Картинка восьмая. Как я полюбил Тель-Авив

         Я не любил Тель-Авив. Нет, не любил, хотя жил в нем долгие годы, начиная с 73-его, но всё больше наездами между учёбой, армией, опять учёбой, плаваньями и прочими странствиями. Да, я шлялся по нему непрестанно, залезал по своему обыкновению во все глухие проулки и дворы, заброшенные здания (которых было тогда не счесть), сутками напролет наматывал на башмаки вервие пыльных улиц (а они были тогда беспробудно пыльными, особой, жёлто-серой, соленой, залежалой пылью с моря, что вот уж которое десятилетие, как исчезла вовсе)… Я искренне пытался его понять и ощутить, и даже, как мне казалось, преуспел в этом, но… я его не любил.

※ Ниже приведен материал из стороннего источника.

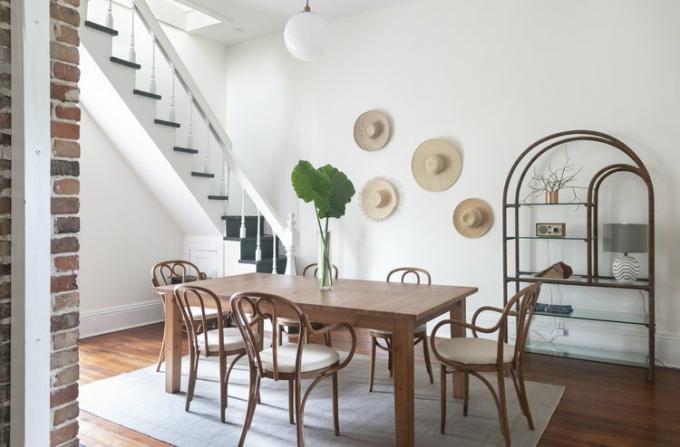 Sala da pranzo con tavolo in legno e cappelli di paglia appesi sulla parete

         А любил я Иерусалим. И считал себя иерусалимцем в изгнании, Горцем, вынужденным обретаться на равнине. В св. Писании есть деление на «горцев» и «долинников», этаких хайлендеров и лоулендеров Земли Обетованной. Горцы, как то и подобает любым горцам в мире, - отличались суровостью, немногословностью, скупостью в выражении чувств, строгими правилами и моралью, соблюдением традиций и следованием заветам предков, вкупе с душевной силой и храбростью. В общем, горцы… А долинники… долинники выращивали виноград, пили вино и предавались простым радостям бытия, незатейливо, поверхностно, преходяще. В них не стоило искать ни глубины чувств, ни серьёзности, ни верности… в общем, долинники. Что с них взять…



         В Иерусалим я влюбился с первого взгляда, лишь только увидев - ощутил своим. А позже, когда я там жил, работал, учился, - попросту сросся с ним, влюбился по уши, наслаждался в нем каждым шагом и каждым вдохом, прикосновение к любому камню было для меня неким сакральным действом, да что там камни, - сам факт моего пребывания в этом удивительном городе я осознавал как чудо, чудо уже само по себе невероятное и точно не причитавшееся мне, недостойному, а потому требовавшее, как минимум, попытаться оправдать доверие, заслужить эту невесть за что свалившуюся на меня честь, соответствовать причастию к благодати…



        У Тель-Авива чести не было. Там не чему было соответствовать. Горец смотрел на долинников со всем присущим горцам высокомерием и трудно дававшейся снисходительностью. Не более.



       Так бы оно всё и катилось далее, если бы не… война. В Израиле вообще отсчет событий идёт по войнам, причем не только внешний, официальный, но и внутренний, у каждого человека свой, но он всегда привязывается к тому или иному ориентиру «до» и «после» той или иной…



       Войны бывают разными, некоторые — странными до крайности. Порою, для того чтобы выиграть, достаточно не делать решительно ничего. Совсем. А это, скажу я вам, самое сложное. Особенно для тех, кто привык делать.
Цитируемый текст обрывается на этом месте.